Steroid-induced CSC may only occur in vulnerable patients

January 8, 2014

Steroid-induced central serous chorioretinopathy (CSC) may only occur in select patients who are vulnerable, rather than having a dose-dependent effect, according to a recent study published in Investigative Ophthalmology & Visual Science

Steroid-induced central serous chorioretinopathy (CSC) may only occur in select patients who are vulnerable, rather than having a dose-dependent effect, according to a recent study published in Investigative Ophthalmology & Visual Science.

For this prospective, pilot study, researchers from the Seoul National University College of Medicine and Bundang Hospital measured choroidal thickness in 35 eyes in 18 patients treated with high-dose systemic corticosteroid pulse therapy (>500 mg/d) at baseline, 1 day, 1 week and 1 month after corticosteroids were administered.
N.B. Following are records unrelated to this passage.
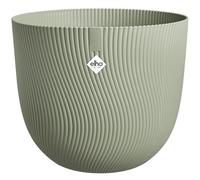 Elho Sereh Round 25 - Pot de Fleur - Interieur & Extérieur - Plastique 100% Recyclé - Ø 24.5 x H 21 cm - Vert/Vert Scandinave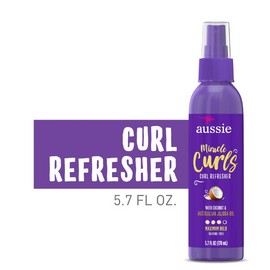 Aussie Miracle Curls Curl Refresher Spray Gel,Hold, for All Hair Types 5.7 fl oz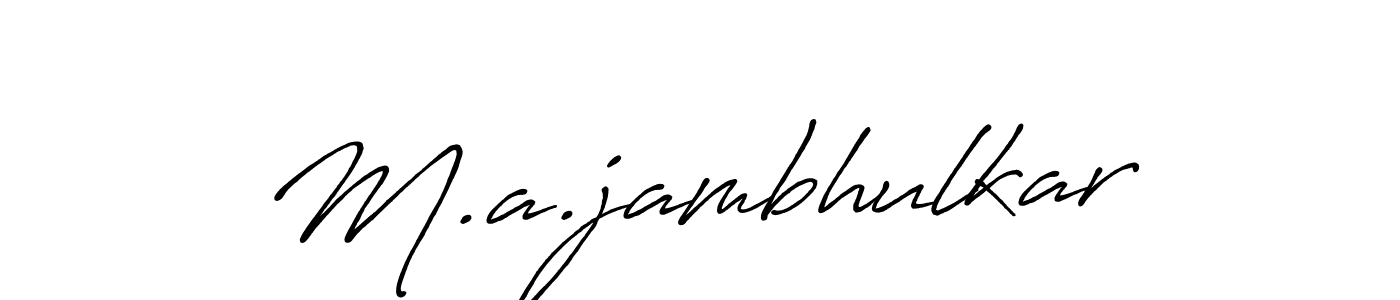 This is the best signature style for the M.a.jambhulkar name. Also you like these signature font (Antro_Vectra_Bolder). Mix name signature. M.a.jambhulkar signature style 7 images and pictures png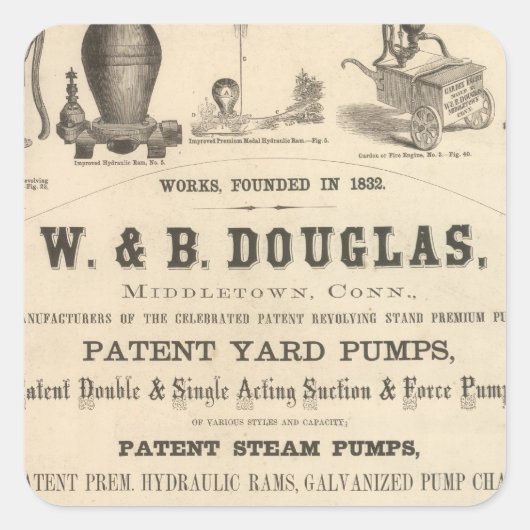 WおよびBダグラス スクエアシール (正面)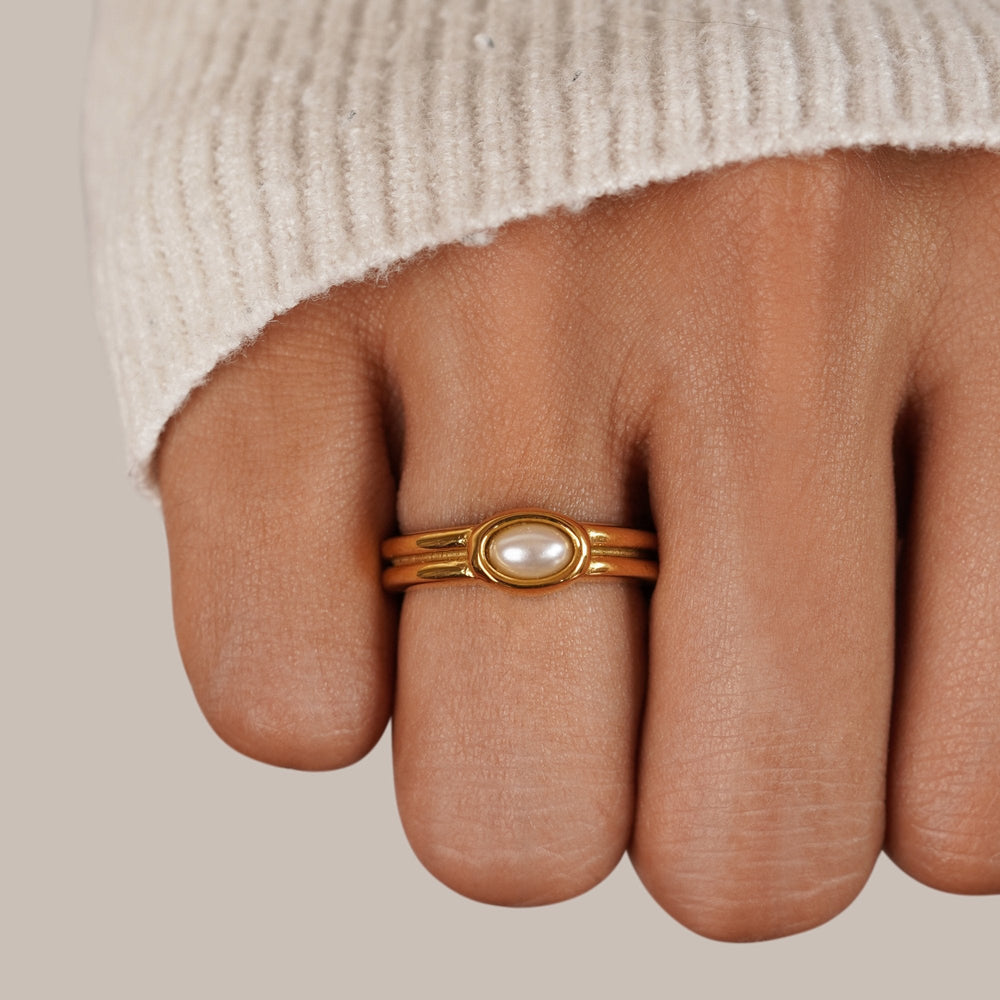 Anello Perla Oro 18K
Blood pressures were measured four times daily for the first 5 days of treatment as well. High-dose corticosteroid therapy concentrations delivered were 19.5 mg/kg, for a mean of 5.2 days.

At baseline, the mean subfoveal choroidal thickness was 259.8 μm (range: 86.4 to 394.7 μm). No significant changes in choroidal thickness were seen at day 1, week 1, or month 1 after treatment (P = 0.117). In only one patient who presented at baseline with pigment epithelial detachment, bilateral focal subretinal fluid was seen and showed central serous chorioretinopathy, with a 13.1% increase in subfoveal choroidal thickness.